- Dick Vitale, College Basketball analyst
- 0 Shares
The key to success in the world of college basketball and college football is recruiting.
Let's face it, you could be the most brilliant coach in the world, doing an amazing job with X's and O's. You could have the greatest practice sessions, tremendous concepts, the ability to communicate and motivate.
It doesn't mean much if you don't have the horses, baby! To get to the winner's circle, you have to have talent. Talk about a big day in recruiting: On Friday, two of the top four players in America -- Jahlil Okafor from Whitney Young High School in Chicago and point guard Tyus Jones from Minnesota -- made their decision as part of a package deal.
It came down to Duke and Kansas. Coach Mike Krzyzewski was the big winner, and this talented tandem should please the Cameron Crazies. There was jubilation in the Duke basketball offices.

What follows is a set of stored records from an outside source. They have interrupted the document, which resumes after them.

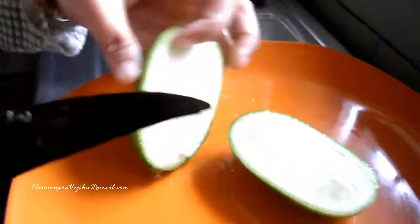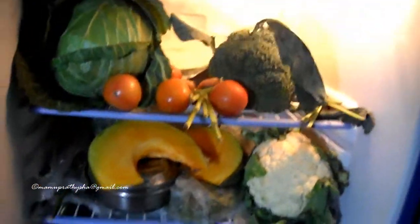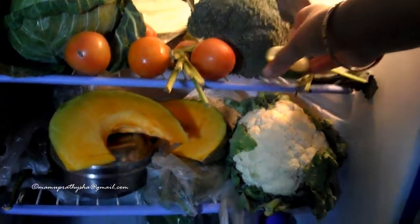Now open your refrigerator and keep the two pieces of lime on a suitable nice place inside the refrigerator.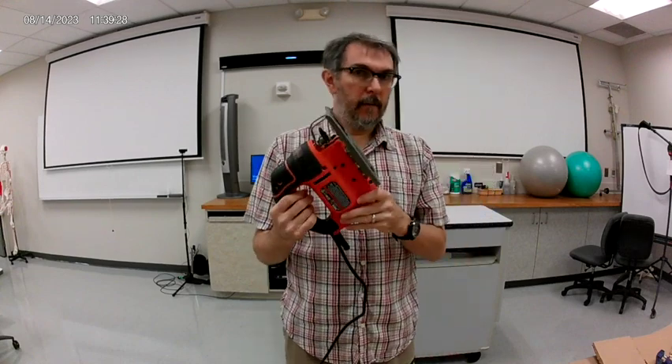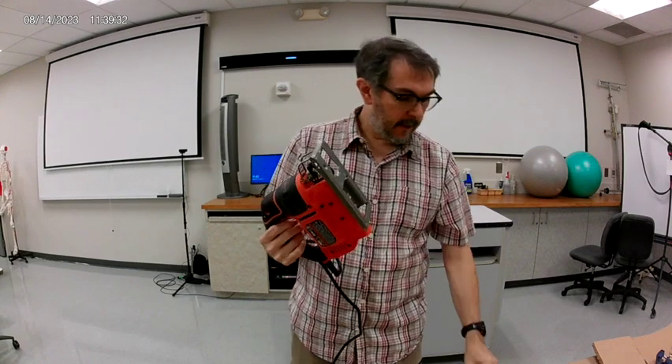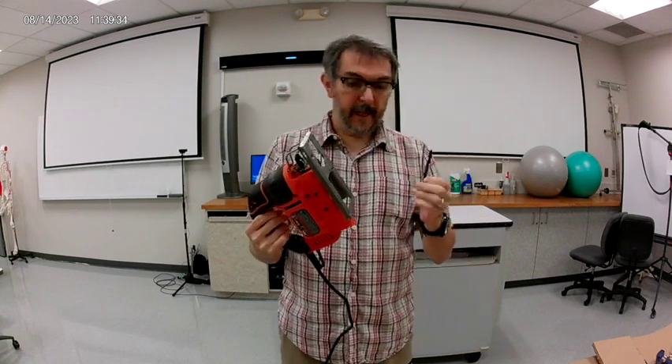For longer cuts, we use a jigsaw instead of a knife. This is a regular jigsaw, this is the blade, and this is the plug.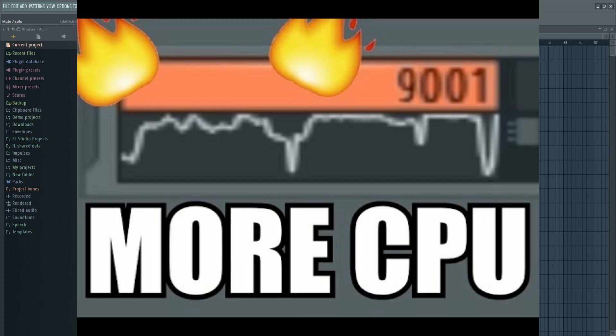So your CPU will explode. Why the f**k are you lying? Why you always lying? Oh my god, stop f**king lying.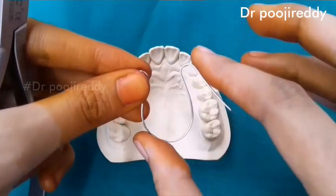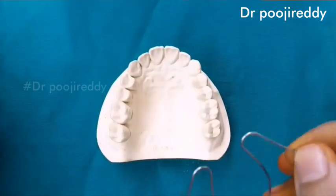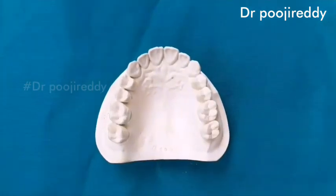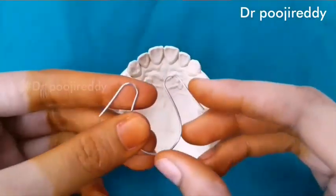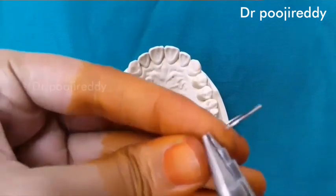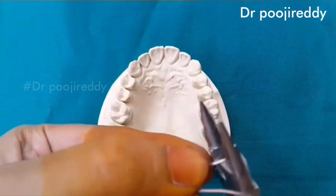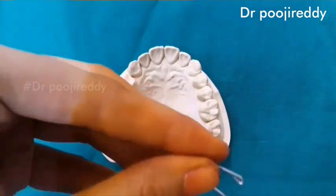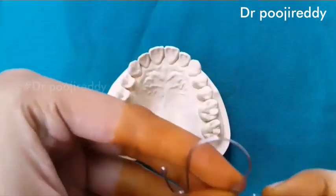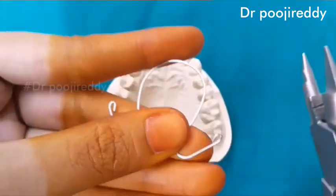Cut the extra wire on both sides. Close the ends of the coffin spring — that is both arms — so that it doesn't hurt the hard tissue.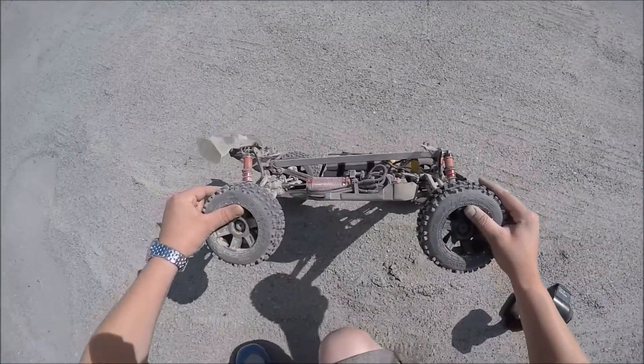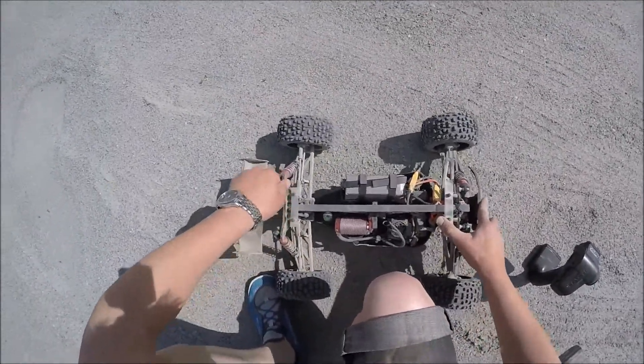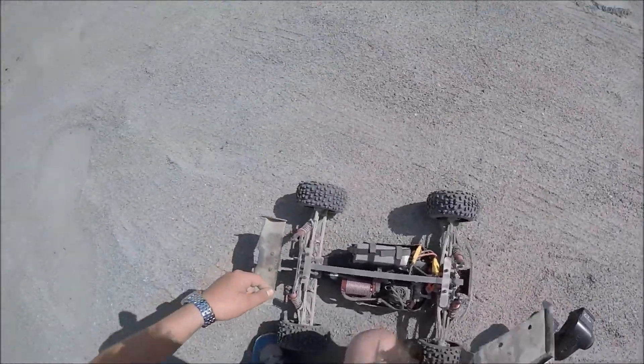The chassis is straight, the suspension is okay, the braces are broken. Perfect.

It was a great win for the Blue Devils, just a few days after losing on the court against the Jayhawks in Chicago. Andrew Wiggins & Co. got that win, but Duke won a different battle.
The fans in Lawrence did get some good news as 6-foot-9 Cliff Alexander picked the Jayhawks over Illinois.
Players of that stature help big-time. Your offensive efficiency is better with players like that in your uniform. Your concepts and defense look better when the talent is there.
Just think back to those great UCLA teams under the Wizard of Westwood, John Wooden. The man was a legend. He got the most out of his people, but it didn't hurt to have Lew Alcindor and the big redhead, Bill Walton, playing in the post.
Wooden won 10 national titles for the Bruins. He would have been the first to tell you it helps to have beasts, and then it is up to the coach to blend them into a unit. There is no doubt that the two coaches battling for Okafor and Jones, Coach K and Bill Self, have the ability to take great players and get them to be unselfish in the team concept.
Recruiting can break you heart, because finishing second doesn't help.
Duke and Kansas lead the way in recruiting tomorrow's stars.